The UHF of the film world.
Latest news

Marina Antunes [Celluloid 09.16.14] Canada thriller



The last six years of Atom Egoyan's career have not been particularly kind to the director. Once considered one of the great voices of Canadian cinema, Egoyan's offerings over the last few years have been a case of diminishing returns. It seems that the addition of Hollywood stars has actually hurt rather than improved the films and Egoyan hit movie rock bottom with last year's poorly received Devil's Knot (review) which turned out to be one of the worst movies I had the misfortune to see last year.

Being a fan of the director's previous work, it was great to see that Egoyan's kidnapping thriller The Captive looked like a winner and perhaps a return to form for the director. Wishful thinking. Though it's a definite improvement on last year's offering, The Captive is also riddled with problems, all of them story related.

Mireille Enos and Ryan Reynolds star as Tina and Matthew respectively, loving parents of a little girl who goes missing from the back seat of her father's truck while he's picking up pie at the local shop. The cops, Nicole and new transfer Jeffrey, (Rosario Dawson and Scott Speedman), grill Matthew to rule him out as a suspect.




Fast forward a few years and we see Tina and Matthew's relationship has deteriorated to the point where they barely speak though surprisingly, they're still married. Tina resents Matthew for losing their daughter and he resents her for letting the police turn her against him. On the other side of the snowy town (apparently, it's always winter where they live), a well groomed and super creepy looking Kevin Durand plays the role of kidnapper, and maybe more.

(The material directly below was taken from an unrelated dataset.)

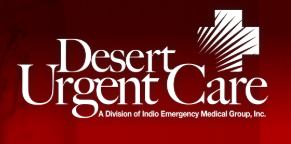 Desert Urgent Care's Logo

There's a lot of material to dig into here, particularly for a director like Egoyan who has proven capable of delving deep into the emotional turmoil of suffering individuals (see The Sweet Hereafter) but with all of the ammunition he and co-writer David Fraser build directly into the story, he uses little of it. The crumbling relationship between Tina and Matthew, and even that of officers Nicole and Jeffrey, is only a passing thought, overshadowed by often convoluted plotting. At one point that appears to be years after the girl's disappearance, we see Nicole and Jeffrey dating; a surprise considering they could barely stand the sight of each other in a previous scene.

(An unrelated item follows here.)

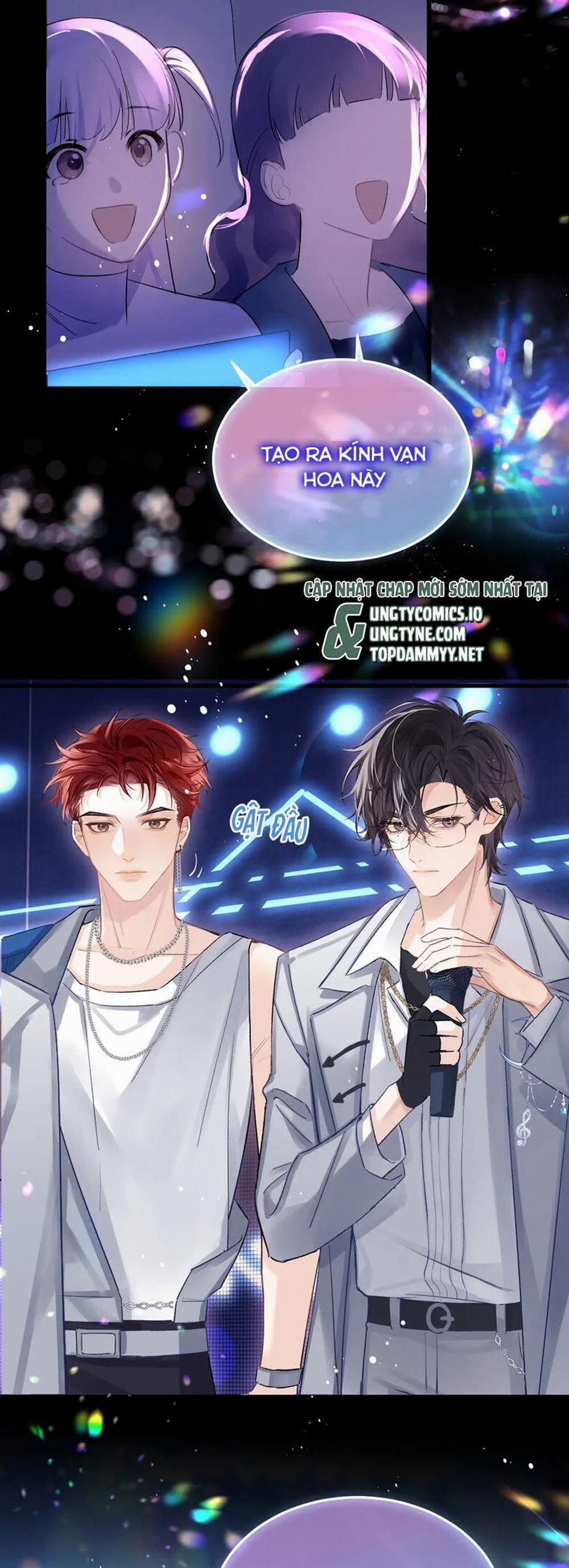 Nghịch Lý Câu Fan 30 trang 10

Instead of focusing on the characters, Egoyan spends his energy setting up an overly complicated storyline that feels more ridiculous with each passing minute. As soon as the movie stops being about a kidnapping and the human interest of the people involved and instead morphs into the weird thing it becomes (which is probably not completely unrealistic but feels completely unbelievable in this case), The Captive gets less interesting.

Despite what little they are given to do, the performances here are solid. Reynolds continues to prove that he can handle emotionally challenging roles and Durand, often cast as the muscle, is fantastically creepy as the kidnapper. Enos is the only one that doesn't fare as well but that's not her fault. She's fantastic as the outwardly emotional mother but she's given little to do beyond being weepy and angry and her performance feels like it's overshadowing everyone else; a real misfortune considering how well she is capable of handling powerfully quiet moments.

The Captive fares better than other recent Egoyan projects because of the performances and though it gets into considerably creepy territory and features some excellent moments, the entire thing feels more wacky than scary. Definitely not return to form but a step in the right direction.